#### [AIM OF THE EXERCISE]
Which lines run from the one containing "Used 2024 White Jeep Limited image 20" through the last line of the records? Copy them exactly, leaving pictures out.

#### [DATA SUPPLIED]
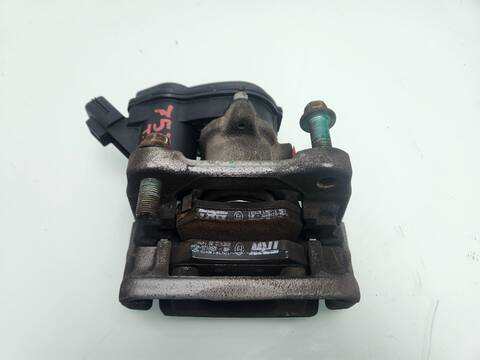 Foto 4ª: Pedal Embrague Mazda 6 EVOLUTION TECH 149CV 110KW [SH] (2015)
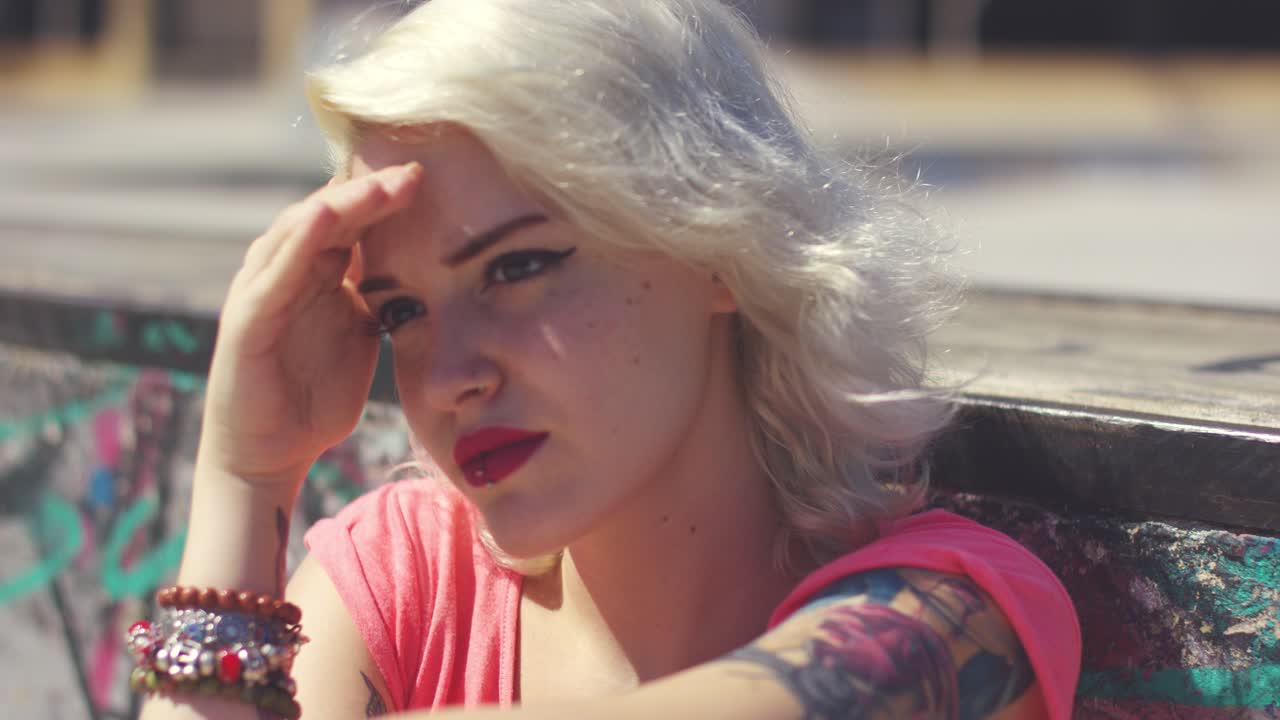 태양을 바라보는 문신을 한 젊은 여성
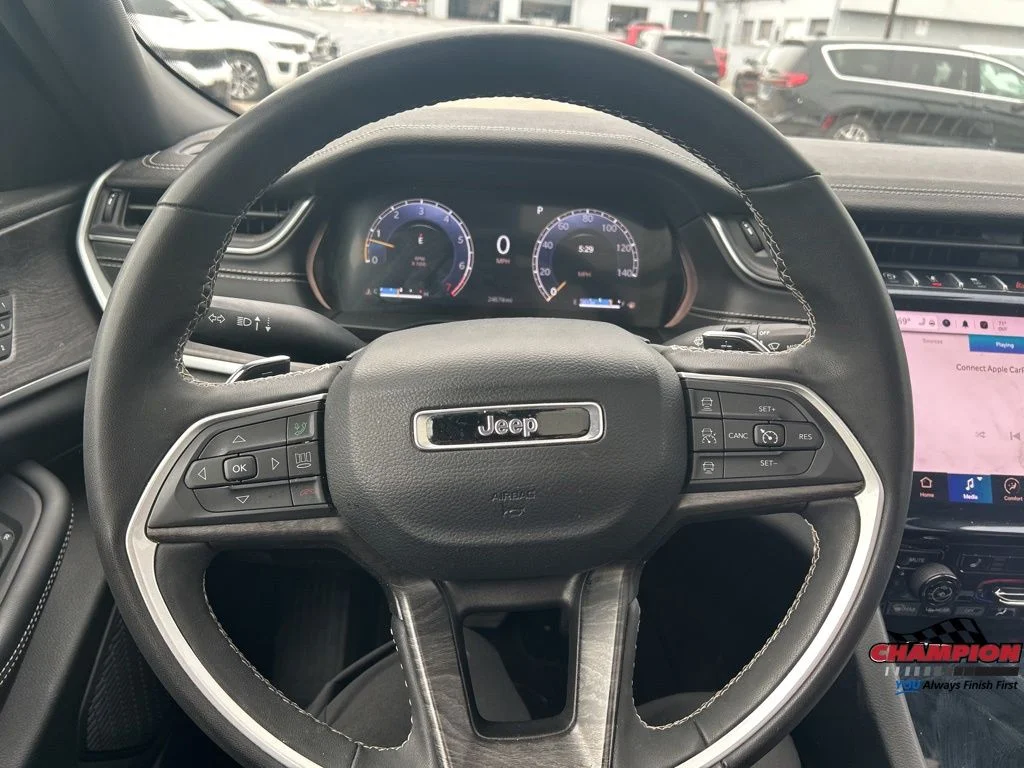 Used 2024 White Jeep Limited image 20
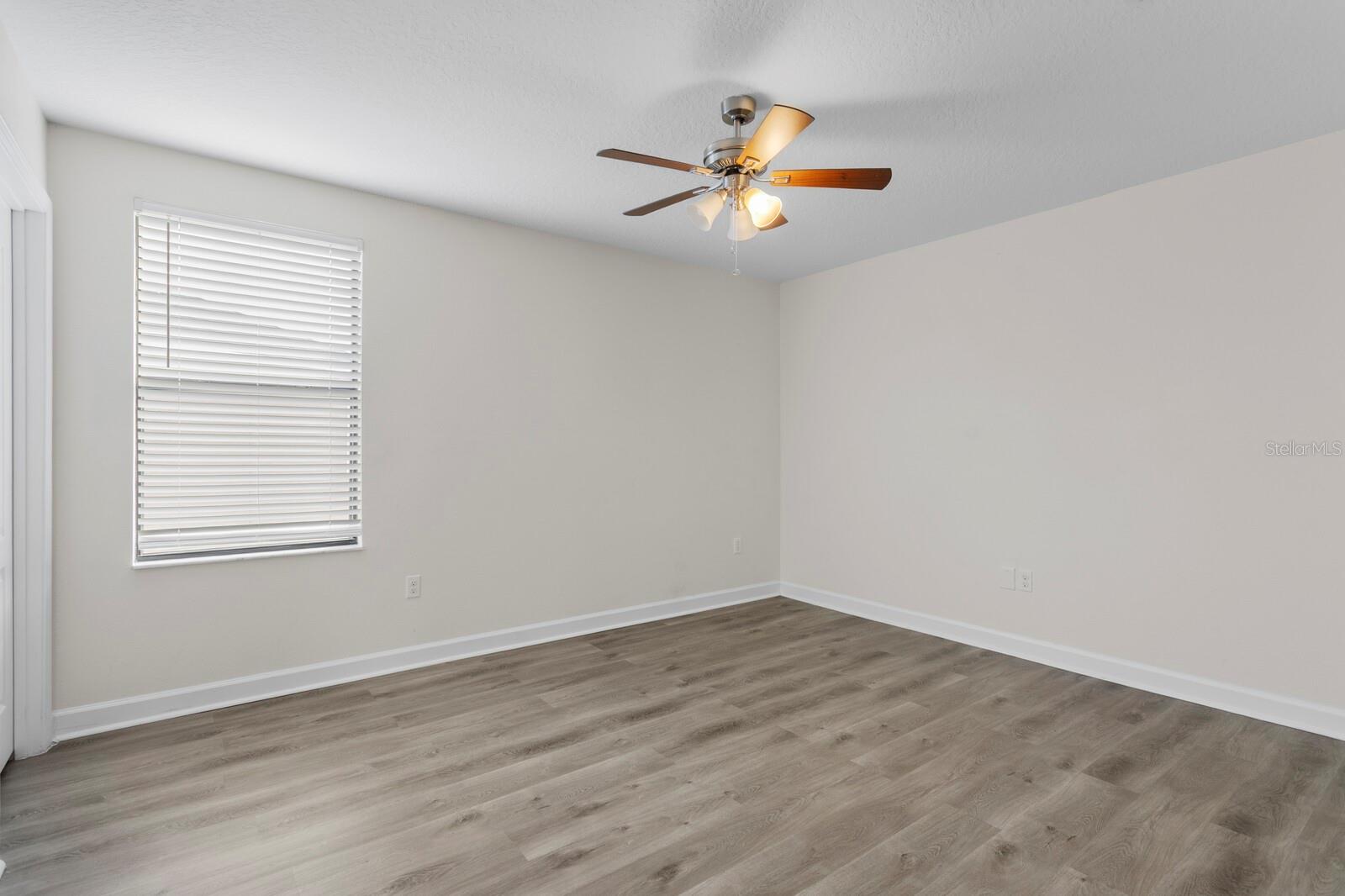 Image 26 of 54 For 19415 Paddock View Drive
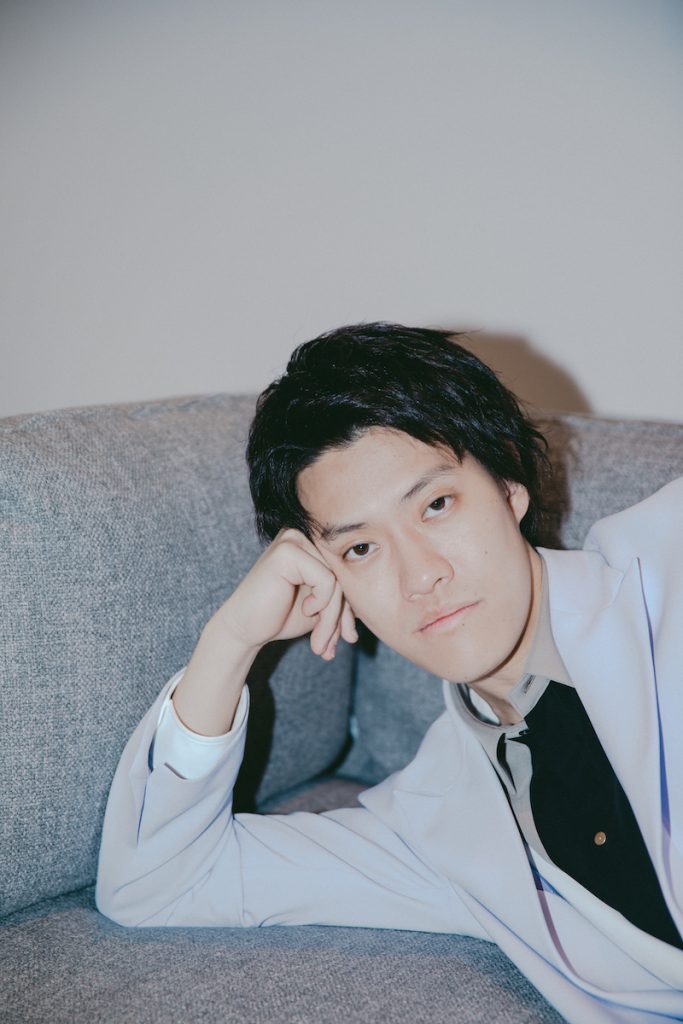An interview with Soshina from Shimofuri Myojo on His Song for “Ao no Orchestra”: The creative realm where his comedic and musical sensibilities intersect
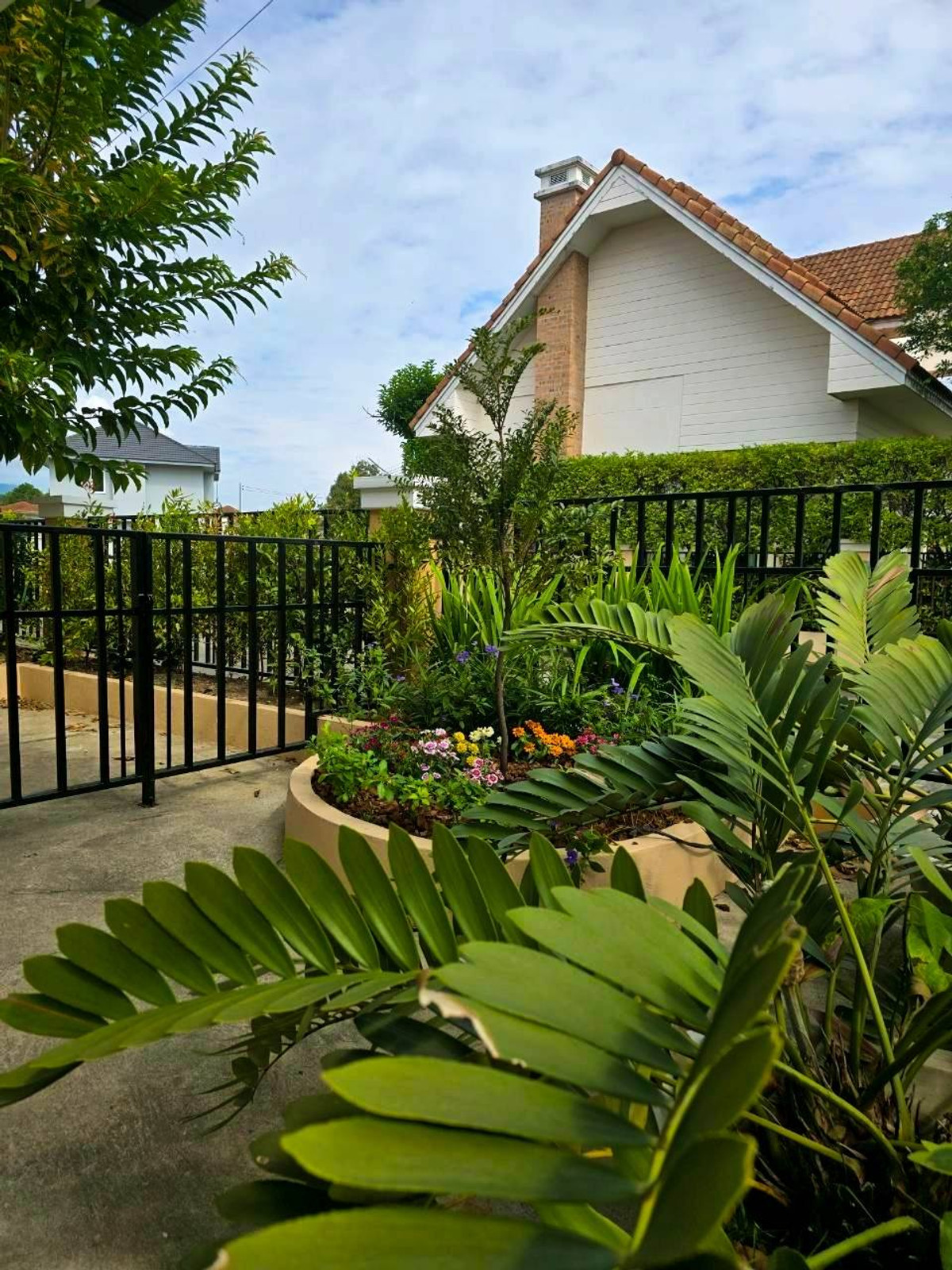 ขายบ้านเชียงใหม่ : ขาย บ้าน ในโครงการ เดอะ มาสเตอร์พีช ซีนเนอรี่ ฮิลล์ ตำบลน้ำแพร่ อำเภอหางดง จังหวัดเชียงใหม่ ยังไม่เคยน้ำท่วม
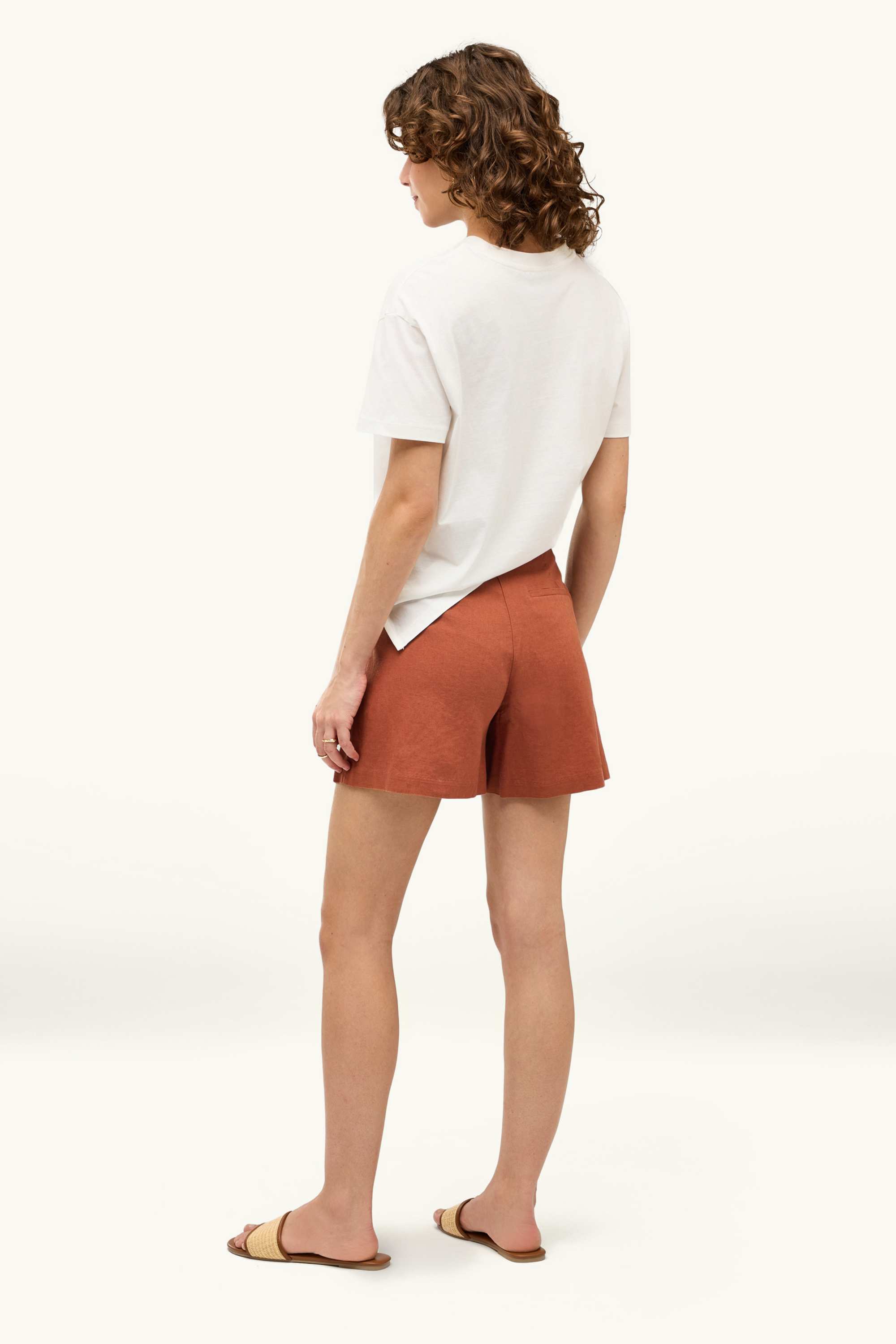 Shorts - mid-rise waist - linen blend terracotta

#### [RESPONSE]
 Used 2024 White Jeep Limited image 20
 Image 26 of 54 For 19415 Paddock View Drive
An interview with Soshina from Shimofuri Myojo on His Song for “Ao no Orchestra”: The creative realm where his comedic and musical sensibilities intersect
 ขายบ้านเชียงใหม่ : ขาย บ้าน ในโครงการ เดอะ มาสเตอร์พีช ซีนเนอรี่ ฮิลล์ ตำบลน้ำแพร่ อำเภอหางดง จังหวัดเชียงใหม่ ยังไม่เคยน้ำท่วม
 Shorts - mid-rise waist - linen blend terracotta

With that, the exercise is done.